ITIL 徒然草

共通の概念


  ITIL は1990年代に入って欧州を中心に普及したとはいえ、まだまだローカルな存在で した。世界的な広がりを見せ始めたのは、2000年になって「サービスサポート」が 出版されてからです。

1980年代後半から出版されたITILの書籍群は、1990年代に入って40冊を超えるよ うになりました。似通った内容も目立ち、体系化されていた訳でもありませんでした。 1998年、それまでの書籍の内容を整理し、一貫性のあるプロセス・モデルに基づいた 数冊の本に統合するプロジェクトがスタートしました。
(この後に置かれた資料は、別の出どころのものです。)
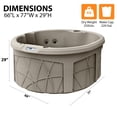 thumbnail image 6 of Lifesmart LS200 4-Person 13-Jet 110v Plug and Play Spa with Multi-Color Underwater LED Light, 6 of 10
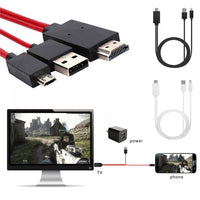 HKM-158419 HDMI Adapter Cable for Mobile Phone to TV, 2m, Available in White, Red, Black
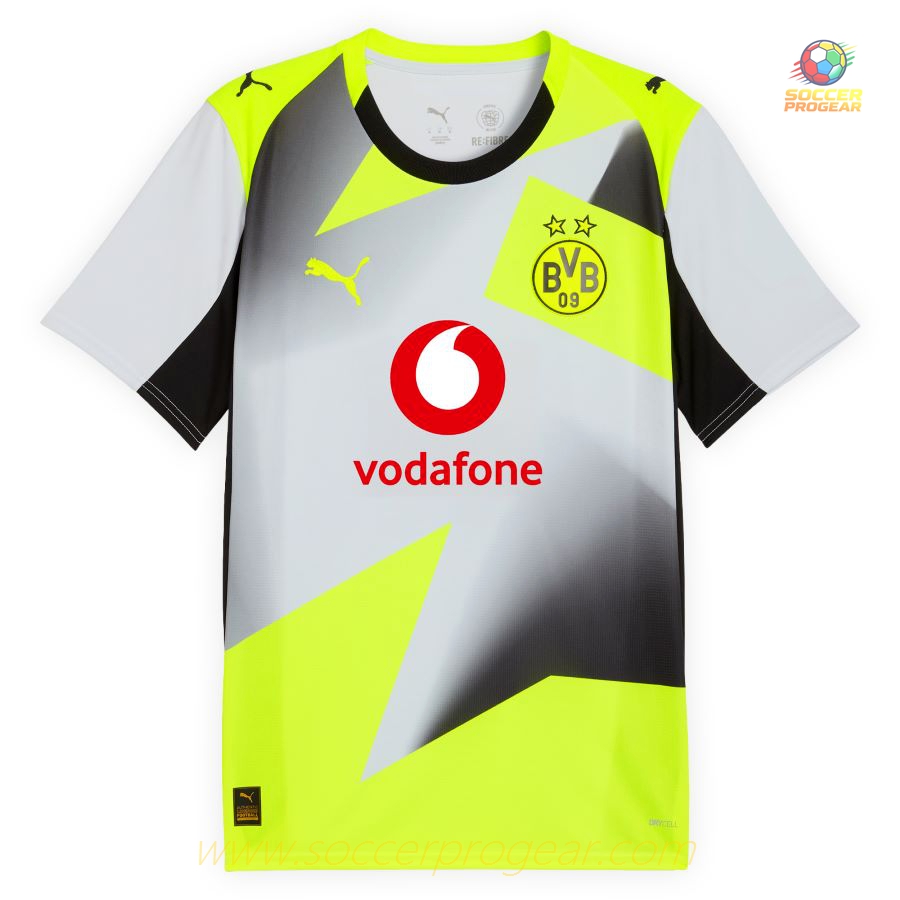 Team Football Jersey Soccer Uniform Kids Edition BVB Dortmund Away 2025-2026 Season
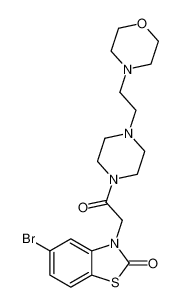 5-bromo-3-(2-(4-(2-morpholinoethyl)piperazin-1-yl)-2-oxoethyl)benzo[d]thiazol-2(3H)-one CAS:199475-70-2 manufacturer & supplier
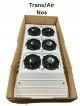 Trans/Air Rooftop A/C Condenser 6 - 10'' Fans R120 New old Stock 302200-01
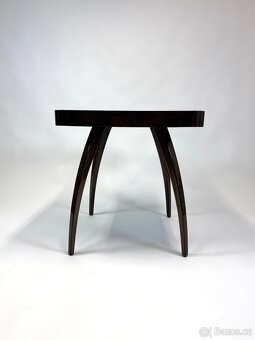 Konferenční stolek Halabala po renovaci - šelak - 5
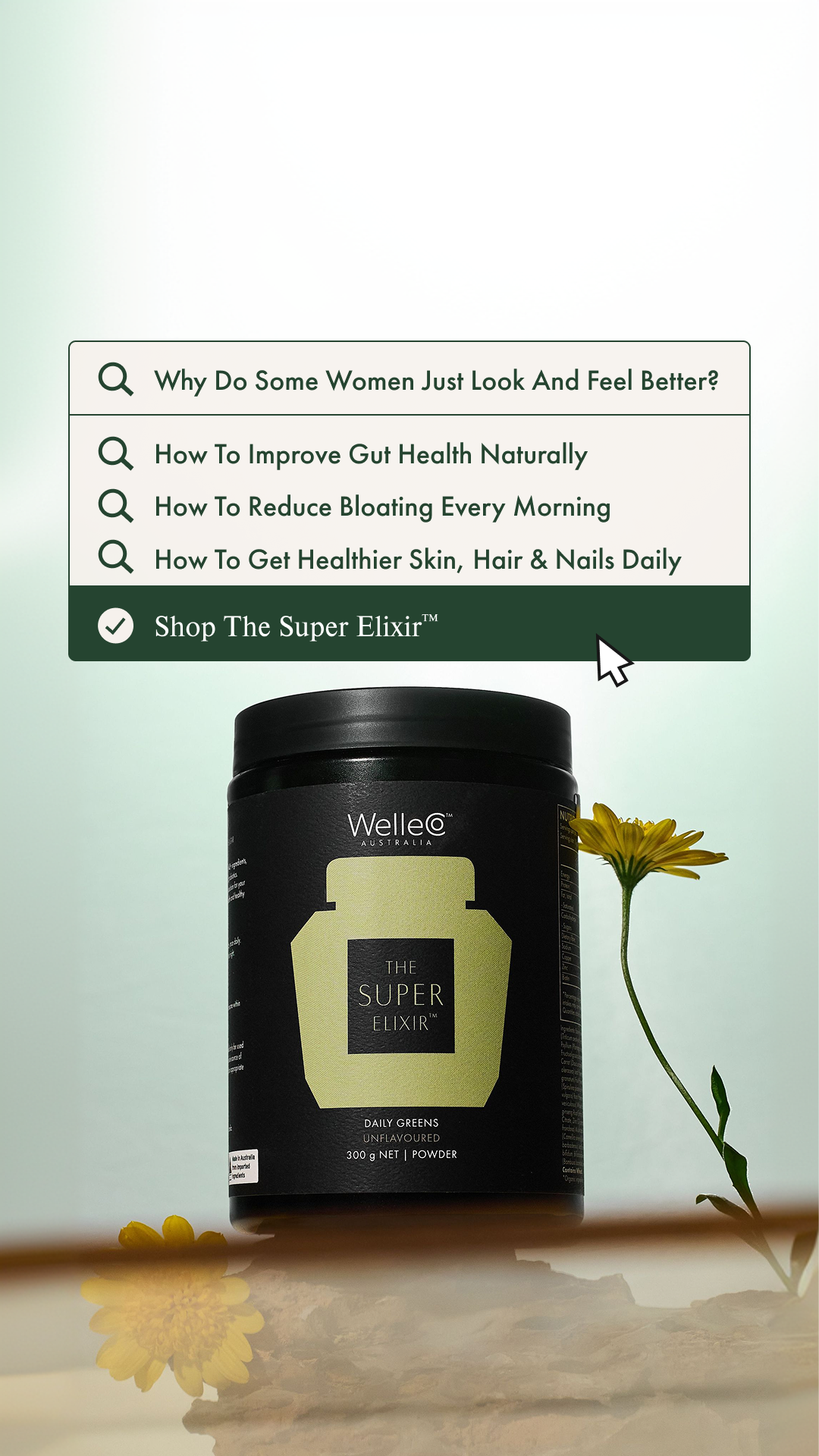 WelleCo Facebook ad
2004年には「ビジネスの観点」が出版され、ITILの第2世代が完成しました。当初から 現在の7冊の本の出版が予定されていたかどうかはわかりませんが、結果として ITサービスマネジメントにおけるベスト・プラクティスを包括的に説明する 一連の書籍群ができあがったのです。

特にその中核に位置付けられる「サービス・サポート」と「サービス・デリバリ」は、 ITサービスマネジメントの「バイブル」として数多くの読者に受け入れられました。 そしてそのことが、ITの世界に新たな価値を与えたのです。

バベルの塔の建設を知った神は、人間の高慢さを戒めるため、言葉を乱してお互いに 意志が通じ合わないようにしたと旧約聖書の創世記には記されています。ITILは、この行為と 全く逆のことを行ったと言えます。 ITIL が提供した概念や用語によって、我々はより速やかに、そしてより正確に コミュニケーションを図ることができるようになったのです。

すなわち、 異なる文化や歴史を持った世界中の ITに関係する人々が、共通の概念に基づいた議論を展開できる場を提供してくれた のです。

そしてその波は、日本にもやってきました。 ITILの日本語訳書籍の出版には大変なご苦労があったと聞いています。それでも、 itSMF Japan が中心となって翻訳、出版してくださったことで、日本のIT業界 にもITILの価値に目を向ける人が徐々に増えてきました。